No, me neither. The target in question is Just Group, and the bidder Brookfield, the Canadian asset management giant. Last month’s £2.4bn offer looks strategically compelling, and probably rich enough price to deter any would-be rivals.
Reeves’s response, though, looked kneejerk and bizarre in the context of the debate gripping the City about the ease with which London-listed companies are being picked off by predators.
“I welcome Brookfield’s investment in Just Group,” she said in a statement on the day of the deal’s announcement. “Brookfield are a major investor, and this commitment demonstrates strong faith in the UK economy as we deliver on the Plan for Change, reinforcing the fact that the UK remains one of the best places in the world for business.”
City conspiracy theorists posited that Reeves’ supportive quote might have been an olive branch to Brookfield after the Canadian investor found itself snubbed in the contest to provide financing to the Sizewell C nuclear power plant.
That may be far-fetched, but there are few logical explanations for the schizophrenia evident in the Chancellor’s public utterances. After all, a listings taskforce is surely something of a misnomer: the object of the exercise isn’t to persuade companies simply to float in London, but to remain listed here. Reeves might need to redefine its mandate.

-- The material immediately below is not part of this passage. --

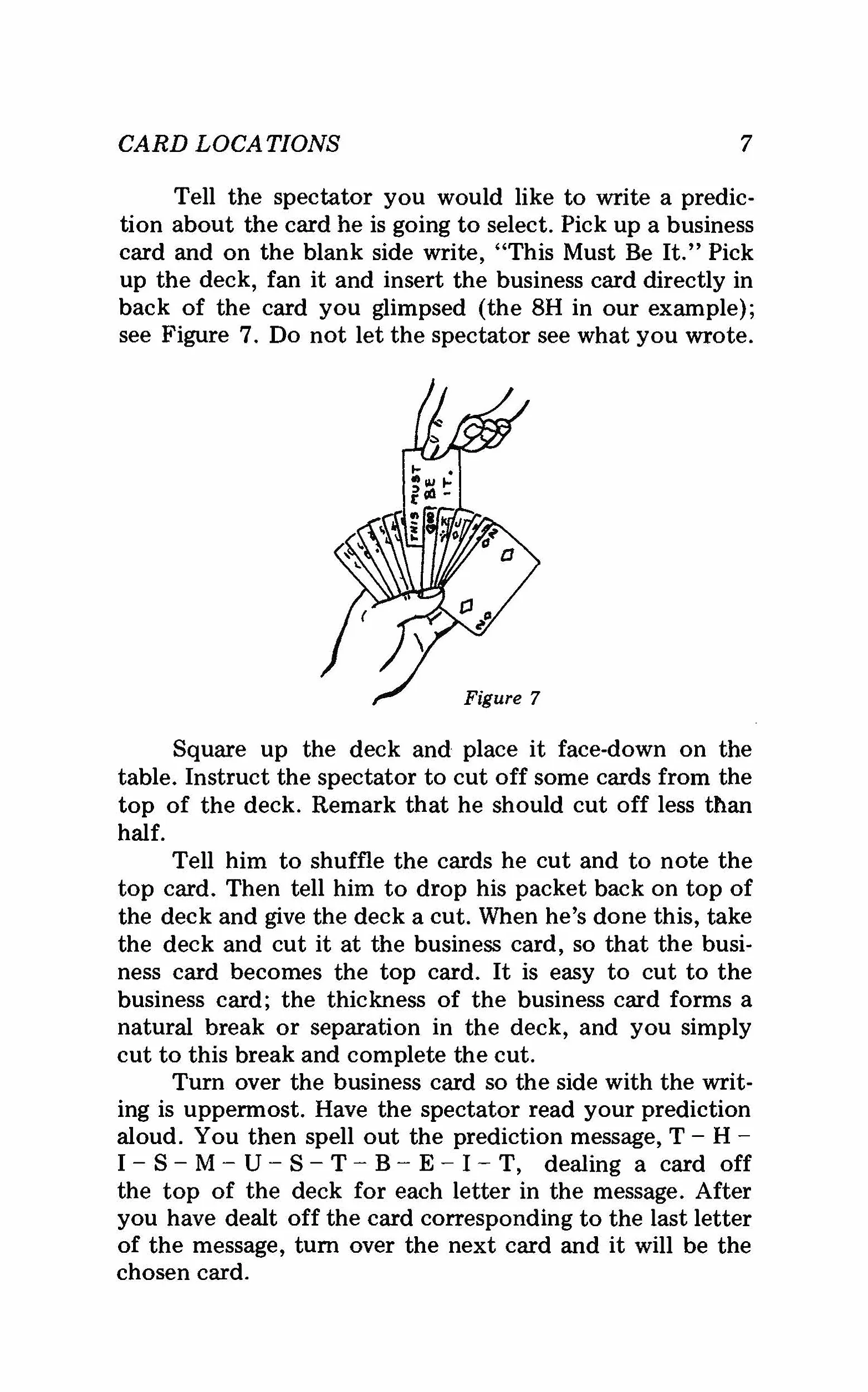 Self-Working Card Tricks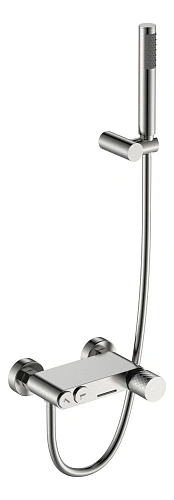 Смеситель для ванны Boheme STICK Nikel Brush с ручкой DIAMOND 123-NB никель Смеситель для ванны Boheme STICK Nikel Brush с ручкой DIAMOND 123-NB никель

Chelsea celebration an own goal for UKGI
Roll up. Applications have been open for several weeks for the role of chief executive of UK Government Investments, one of Whitehall’s most important, yet unheralded, agencies.
Overseeing taxpayers’ interests in businesses as diverse as Channel 4, Network Rail and Sheffield Forgemasters.
With a base salary of £240,000, the remuneration package is generous by Whitehall standards – exceeding that of the prime minister – but puny in the context of comparable private sector jobs.
Charles Donald, the former Credit Suisse banker who has led UKGI for more than five years, can point to taxpayers’ full exit from its shareholding in NatWest Group as the biggest achievement of his tenure.
His successor, though, has a full in-tray, with the financing of new nuclear power stations, the BBC charter renewal process and the fate of British Steel and Thames Water all likely to feature prominently.
There’s a curiosity in the document promoting the job, though. In it, UKGI trumpets the role it played securing the sale of Chelsea Football Club in 2022.
“UKGI worked closely with a wide range of officials and the Club to ensure the sale could complete ahead of the tight deadlines required,” it says.
Three years on, though, and the £2.5bn of sale proceeds remain locked away and unavailable for the victims of Russia’s invasion of Ukraine. Like celebrating a Premier League title halfway through the season, the self-congratulation should wait.